(Data records)
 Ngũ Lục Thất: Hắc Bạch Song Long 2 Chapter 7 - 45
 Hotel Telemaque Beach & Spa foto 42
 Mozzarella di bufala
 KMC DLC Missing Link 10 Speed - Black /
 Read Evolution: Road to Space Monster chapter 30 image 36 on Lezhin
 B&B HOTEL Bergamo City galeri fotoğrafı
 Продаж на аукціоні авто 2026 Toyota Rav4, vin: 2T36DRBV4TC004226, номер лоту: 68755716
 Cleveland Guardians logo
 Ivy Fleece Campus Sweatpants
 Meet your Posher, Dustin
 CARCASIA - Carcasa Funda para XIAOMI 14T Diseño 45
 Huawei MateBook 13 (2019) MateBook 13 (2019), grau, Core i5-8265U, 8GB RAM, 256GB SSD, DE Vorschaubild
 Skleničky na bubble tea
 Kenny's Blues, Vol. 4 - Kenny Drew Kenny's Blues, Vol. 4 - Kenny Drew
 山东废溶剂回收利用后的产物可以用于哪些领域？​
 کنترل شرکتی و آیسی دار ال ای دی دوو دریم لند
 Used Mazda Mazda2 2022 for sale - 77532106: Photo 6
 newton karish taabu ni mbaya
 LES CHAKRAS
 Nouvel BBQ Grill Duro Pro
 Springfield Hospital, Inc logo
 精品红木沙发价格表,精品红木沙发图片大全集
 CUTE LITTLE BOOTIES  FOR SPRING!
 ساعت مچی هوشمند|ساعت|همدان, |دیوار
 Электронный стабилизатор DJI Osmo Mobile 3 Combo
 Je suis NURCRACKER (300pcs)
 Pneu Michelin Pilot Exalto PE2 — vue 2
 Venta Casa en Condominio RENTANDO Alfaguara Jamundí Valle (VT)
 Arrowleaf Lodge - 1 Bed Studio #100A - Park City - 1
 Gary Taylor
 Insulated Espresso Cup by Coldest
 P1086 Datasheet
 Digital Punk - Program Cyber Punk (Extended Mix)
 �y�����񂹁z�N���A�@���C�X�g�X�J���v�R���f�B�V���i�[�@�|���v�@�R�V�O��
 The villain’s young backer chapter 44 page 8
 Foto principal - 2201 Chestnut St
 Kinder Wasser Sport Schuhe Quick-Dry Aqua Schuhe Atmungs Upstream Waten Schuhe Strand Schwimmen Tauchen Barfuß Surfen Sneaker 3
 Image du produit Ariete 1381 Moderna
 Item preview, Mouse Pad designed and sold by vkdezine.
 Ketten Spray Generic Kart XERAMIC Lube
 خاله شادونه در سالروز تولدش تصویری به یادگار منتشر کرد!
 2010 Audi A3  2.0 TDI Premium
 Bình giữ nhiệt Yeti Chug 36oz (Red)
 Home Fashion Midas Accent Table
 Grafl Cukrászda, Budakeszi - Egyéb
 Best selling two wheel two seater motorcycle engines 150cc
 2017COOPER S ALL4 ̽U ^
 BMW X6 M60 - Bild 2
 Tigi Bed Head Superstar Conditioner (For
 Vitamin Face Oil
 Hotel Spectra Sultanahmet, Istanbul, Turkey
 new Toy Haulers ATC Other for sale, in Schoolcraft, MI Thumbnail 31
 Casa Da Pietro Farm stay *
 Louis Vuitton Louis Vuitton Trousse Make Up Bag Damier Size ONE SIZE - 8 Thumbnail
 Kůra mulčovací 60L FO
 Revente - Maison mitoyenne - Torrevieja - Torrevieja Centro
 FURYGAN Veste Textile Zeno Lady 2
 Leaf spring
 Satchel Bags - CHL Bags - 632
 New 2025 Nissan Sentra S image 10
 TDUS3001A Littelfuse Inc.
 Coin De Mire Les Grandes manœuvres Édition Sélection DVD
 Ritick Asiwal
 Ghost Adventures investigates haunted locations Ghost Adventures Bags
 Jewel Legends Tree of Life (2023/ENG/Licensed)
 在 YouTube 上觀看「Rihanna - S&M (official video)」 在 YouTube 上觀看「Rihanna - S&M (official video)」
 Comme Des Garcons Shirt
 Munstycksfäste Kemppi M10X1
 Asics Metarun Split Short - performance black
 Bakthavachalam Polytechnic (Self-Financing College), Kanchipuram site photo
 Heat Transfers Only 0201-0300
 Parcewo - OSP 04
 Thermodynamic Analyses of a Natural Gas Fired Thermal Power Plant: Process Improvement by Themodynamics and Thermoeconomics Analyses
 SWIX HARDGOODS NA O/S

TASK STATEMENT:
Give only the number of lines above that hold the string "Thumbnail".

EXERCISE SOLUTION:
2